TITLE:
Estimating Soil Moisture at Different Depths Using Multiple Satellite-Derived Indices
AUTHORS:
Eniola E. Olakanmi, Lydia E. Ebbuah, Souleymane Fall, Joseph E. Quansah
KEYWORDS:
Soil Moisture, Landsat, Sentinel, NDMI, MSI, Remote Sensing, Soil Sensor
JOURNAL NAME:
Advances in Remote Sensing,
Vol.15 No.2,
June
4,
2026
ABSTRACT: Understanding soil moisture dynamics at different depths is essential for irrigation management. This study evaluated the relationship between two satellite-derived moisture indices—the Normalized Difference Moisture Index (NDMI) and the Moisture Stress Index (MSI) and in-situ soil moisture measurements across the Alabama Black Belt region during the growing season. Soil moisture readings at depths of 15, 20, 25, and 30 cm were collected at five sensor locations between August 2023 and October 2025. Landsat 8/9 and Sentinel-2 imagery were processed to generate the moisture indices, which were then correlated with the sensor measurements. The results showed that, although both satellite data types had similar predictive performance for soil moisture at all depths, there were weak linear correlations at 15 - 20 cm that substantially increased at 25 - 30 cm.

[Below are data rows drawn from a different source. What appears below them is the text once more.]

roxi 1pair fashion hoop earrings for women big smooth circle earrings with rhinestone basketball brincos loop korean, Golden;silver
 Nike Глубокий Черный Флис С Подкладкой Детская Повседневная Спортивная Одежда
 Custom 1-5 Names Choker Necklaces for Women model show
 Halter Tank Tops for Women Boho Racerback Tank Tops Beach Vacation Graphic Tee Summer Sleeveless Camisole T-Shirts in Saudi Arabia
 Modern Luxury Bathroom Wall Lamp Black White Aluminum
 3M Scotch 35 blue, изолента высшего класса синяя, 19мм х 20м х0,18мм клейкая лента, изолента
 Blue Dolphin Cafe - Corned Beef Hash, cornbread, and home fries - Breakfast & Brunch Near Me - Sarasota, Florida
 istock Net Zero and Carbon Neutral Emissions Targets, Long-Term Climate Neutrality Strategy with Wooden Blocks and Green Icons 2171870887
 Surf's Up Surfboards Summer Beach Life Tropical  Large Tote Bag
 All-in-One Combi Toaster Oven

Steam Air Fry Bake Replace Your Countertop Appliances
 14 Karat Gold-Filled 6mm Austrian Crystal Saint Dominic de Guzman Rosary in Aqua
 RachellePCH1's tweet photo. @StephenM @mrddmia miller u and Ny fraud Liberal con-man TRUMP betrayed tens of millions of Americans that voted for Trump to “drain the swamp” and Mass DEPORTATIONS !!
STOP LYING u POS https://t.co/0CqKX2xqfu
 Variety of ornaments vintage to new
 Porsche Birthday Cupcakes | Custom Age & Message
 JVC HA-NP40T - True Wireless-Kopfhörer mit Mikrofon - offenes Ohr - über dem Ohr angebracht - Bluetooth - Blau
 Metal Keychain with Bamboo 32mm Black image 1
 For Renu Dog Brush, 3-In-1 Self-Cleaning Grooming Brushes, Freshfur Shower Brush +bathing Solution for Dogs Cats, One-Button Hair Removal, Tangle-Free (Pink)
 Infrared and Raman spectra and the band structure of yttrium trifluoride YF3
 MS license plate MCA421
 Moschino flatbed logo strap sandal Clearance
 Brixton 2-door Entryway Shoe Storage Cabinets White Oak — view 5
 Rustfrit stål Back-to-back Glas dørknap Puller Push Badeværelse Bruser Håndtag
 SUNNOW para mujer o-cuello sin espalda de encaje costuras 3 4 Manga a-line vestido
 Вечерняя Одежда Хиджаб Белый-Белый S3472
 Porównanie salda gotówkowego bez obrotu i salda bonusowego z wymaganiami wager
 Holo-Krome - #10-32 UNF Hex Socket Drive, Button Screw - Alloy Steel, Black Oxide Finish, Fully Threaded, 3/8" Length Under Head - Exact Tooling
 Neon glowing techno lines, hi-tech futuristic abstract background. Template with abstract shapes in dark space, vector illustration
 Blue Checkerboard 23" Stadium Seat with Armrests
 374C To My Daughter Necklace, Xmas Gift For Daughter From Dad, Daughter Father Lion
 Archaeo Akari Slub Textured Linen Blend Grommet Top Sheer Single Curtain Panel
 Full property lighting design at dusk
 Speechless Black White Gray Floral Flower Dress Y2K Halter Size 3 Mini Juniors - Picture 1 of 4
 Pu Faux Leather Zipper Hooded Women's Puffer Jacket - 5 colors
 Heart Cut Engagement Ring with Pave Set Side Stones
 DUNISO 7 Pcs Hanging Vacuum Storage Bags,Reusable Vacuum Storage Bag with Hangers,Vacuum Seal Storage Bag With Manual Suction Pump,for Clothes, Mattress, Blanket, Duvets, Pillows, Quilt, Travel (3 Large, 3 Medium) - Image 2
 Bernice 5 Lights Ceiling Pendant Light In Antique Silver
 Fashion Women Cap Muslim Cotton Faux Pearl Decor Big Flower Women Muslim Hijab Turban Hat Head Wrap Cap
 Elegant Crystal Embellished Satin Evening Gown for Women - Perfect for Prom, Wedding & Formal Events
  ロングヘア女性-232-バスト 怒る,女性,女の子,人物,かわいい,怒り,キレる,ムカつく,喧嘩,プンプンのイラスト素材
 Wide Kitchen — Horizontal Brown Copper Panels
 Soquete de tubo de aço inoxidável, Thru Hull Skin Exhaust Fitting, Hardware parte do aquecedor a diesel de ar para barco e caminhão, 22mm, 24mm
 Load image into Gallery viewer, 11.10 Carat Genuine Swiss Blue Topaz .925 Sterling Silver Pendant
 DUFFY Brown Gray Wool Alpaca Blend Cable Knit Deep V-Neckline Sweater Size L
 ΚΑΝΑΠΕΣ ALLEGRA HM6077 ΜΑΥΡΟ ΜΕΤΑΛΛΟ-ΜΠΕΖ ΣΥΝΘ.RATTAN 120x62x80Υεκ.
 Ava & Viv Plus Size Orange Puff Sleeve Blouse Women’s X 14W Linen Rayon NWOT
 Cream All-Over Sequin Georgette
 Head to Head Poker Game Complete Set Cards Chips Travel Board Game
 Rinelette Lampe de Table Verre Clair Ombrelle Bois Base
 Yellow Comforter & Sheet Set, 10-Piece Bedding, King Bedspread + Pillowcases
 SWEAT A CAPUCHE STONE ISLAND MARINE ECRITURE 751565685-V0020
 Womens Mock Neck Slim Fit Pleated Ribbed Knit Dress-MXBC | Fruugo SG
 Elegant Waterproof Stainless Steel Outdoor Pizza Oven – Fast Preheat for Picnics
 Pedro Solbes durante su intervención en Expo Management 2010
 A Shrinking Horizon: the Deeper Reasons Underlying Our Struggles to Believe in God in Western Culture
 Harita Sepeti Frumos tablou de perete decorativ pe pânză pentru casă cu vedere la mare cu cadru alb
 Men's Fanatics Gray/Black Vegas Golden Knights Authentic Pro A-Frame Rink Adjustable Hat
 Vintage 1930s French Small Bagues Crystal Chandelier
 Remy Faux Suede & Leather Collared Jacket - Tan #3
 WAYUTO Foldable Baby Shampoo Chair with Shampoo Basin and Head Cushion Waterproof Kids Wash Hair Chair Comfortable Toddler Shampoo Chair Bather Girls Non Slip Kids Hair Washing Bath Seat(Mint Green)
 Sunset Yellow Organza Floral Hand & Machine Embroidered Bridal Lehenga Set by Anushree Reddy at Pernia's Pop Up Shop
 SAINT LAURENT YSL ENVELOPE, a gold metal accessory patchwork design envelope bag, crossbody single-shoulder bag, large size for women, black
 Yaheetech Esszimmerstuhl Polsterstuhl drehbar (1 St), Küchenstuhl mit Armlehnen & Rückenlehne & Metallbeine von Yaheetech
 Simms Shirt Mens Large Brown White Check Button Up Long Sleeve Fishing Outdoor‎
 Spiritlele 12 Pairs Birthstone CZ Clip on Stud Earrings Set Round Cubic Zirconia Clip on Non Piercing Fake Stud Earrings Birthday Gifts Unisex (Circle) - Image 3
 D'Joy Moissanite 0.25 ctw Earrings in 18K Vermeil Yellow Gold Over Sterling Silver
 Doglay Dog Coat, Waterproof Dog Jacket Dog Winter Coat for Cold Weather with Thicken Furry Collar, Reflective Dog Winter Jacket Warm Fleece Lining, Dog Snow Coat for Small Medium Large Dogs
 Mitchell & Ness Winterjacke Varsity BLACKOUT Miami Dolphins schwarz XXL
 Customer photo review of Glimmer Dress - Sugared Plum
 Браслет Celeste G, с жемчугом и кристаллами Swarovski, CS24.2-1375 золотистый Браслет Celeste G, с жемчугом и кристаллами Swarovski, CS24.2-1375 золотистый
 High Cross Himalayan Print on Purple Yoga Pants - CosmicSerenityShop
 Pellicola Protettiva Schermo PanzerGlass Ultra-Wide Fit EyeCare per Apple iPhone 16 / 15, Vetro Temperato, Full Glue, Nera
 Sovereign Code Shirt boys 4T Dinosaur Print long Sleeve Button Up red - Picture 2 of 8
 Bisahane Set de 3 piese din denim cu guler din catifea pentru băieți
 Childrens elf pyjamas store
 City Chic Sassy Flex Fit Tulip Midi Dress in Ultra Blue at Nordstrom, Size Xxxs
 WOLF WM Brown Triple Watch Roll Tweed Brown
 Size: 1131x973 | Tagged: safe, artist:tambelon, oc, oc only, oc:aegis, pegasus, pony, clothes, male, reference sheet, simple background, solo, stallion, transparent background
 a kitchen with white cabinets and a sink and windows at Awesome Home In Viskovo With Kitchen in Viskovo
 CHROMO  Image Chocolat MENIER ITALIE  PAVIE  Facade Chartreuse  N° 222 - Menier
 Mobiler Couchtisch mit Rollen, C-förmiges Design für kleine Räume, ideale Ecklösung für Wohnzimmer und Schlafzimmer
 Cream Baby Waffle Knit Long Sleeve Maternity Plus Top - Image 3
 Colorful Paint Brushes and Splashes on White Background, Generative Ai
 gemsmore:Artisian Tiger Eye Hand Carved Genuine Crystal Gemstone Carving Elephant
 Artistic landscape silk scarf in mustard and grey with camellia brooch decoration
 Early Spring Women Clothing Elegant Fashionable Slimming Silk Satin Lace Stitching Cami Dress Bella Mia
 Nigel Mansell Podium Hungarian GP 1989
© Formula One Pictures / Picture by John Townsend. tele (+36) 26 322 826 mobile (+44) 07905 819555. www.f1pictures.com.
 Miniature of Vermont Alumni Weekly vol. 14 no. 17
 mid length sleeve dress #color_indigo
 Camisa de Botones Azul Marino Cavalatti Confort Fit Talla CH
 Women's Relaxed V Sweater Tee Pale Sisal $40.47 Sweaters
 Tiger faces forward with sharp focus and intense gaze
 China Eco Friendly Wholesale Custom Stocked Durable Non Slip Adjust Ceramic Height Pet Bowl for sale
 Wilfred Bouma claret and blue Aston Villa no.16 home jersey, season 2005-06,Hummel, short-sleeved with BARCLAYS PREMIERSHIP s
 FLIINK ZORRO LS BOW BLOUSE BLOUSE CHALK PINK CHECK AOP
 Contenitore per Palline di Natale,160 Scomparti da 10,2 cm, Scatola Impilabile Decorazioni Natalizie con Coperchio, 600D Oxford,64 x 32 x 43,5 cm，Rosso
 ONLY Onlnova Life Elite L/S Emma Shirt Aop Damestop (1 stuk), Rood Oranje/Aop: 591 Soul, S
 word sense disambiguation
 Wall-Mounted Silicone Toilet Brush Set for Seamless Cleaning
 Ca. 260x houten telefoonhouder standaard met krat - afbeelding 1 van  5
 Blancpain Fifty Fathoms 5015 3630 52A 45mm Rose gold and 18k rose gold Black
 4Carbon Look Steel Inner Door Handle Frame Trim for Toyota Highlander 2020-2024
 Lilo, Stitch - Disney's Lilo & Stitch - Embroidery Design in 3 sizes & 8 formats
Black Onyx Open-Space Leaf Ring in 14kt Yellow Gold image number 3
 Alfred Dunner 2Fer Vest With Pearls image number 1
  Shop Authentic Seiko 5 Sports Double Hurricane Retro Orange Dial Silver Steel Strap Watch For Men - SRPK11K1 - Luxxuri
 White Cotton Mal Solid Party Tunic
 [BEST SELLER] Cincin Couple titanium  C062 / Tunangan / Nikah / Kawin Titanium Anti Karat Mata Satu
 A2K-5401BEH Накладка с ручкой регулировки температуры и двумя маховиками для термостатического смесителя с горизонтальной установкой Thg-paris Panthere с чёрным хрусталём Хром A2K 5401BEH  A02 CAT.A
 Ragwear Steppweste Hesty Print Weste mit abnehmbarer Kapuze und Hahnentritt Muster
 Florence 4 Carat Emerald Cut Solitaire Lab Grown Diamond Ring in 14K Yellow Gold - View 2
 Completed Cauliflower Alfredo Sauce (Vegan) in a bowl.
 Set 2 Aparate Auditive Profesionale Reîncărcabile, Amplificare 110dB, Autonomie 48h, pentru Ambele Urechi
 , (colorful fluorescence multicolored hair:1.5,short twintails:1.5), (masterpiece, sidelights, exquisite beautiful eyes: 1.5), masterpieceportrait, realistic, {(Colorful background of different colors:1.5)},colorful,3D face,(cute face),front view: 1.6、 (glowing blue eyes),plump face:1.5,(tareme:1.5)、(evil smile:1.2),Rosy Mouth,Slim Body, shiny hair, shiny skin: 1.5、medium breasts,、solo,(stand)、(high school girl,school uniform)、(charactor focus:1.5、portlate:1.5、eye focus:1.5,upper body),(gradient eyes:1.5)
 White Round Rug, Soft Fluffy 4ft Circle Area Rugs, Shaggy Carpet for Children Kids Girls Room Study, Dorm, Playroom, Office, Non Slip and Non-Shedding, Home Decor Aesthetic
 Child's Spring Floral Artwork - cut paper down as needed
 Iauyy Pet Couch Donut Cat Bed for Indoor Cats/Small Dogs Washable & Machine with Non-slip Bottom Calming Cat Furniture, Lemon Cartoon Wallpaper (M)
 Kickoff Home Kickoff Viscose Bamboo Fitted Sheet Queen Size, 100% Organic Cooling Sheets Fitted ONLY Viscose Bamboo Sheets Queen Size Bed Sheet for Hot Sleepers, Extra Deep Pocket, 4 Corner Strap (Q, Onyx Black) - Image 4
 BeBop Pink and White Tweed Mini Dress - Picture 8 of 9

Landsat 8/9 soil moisture estimates were most accurate at 30 cm for both NDMI and MSI indices, whereas Sentinel-2 estimates were optimal at depths of between 25 and 30 cm. Both indices produced optimal correlations in the range of r ≈ 0.60 - 0.64. These results demonstrate that satellite-based moisture indices exhibit statistically significant relationships with subsurface soil moisture conditions, particularly at depths greater than 25 cm, necessary for agricultural water management.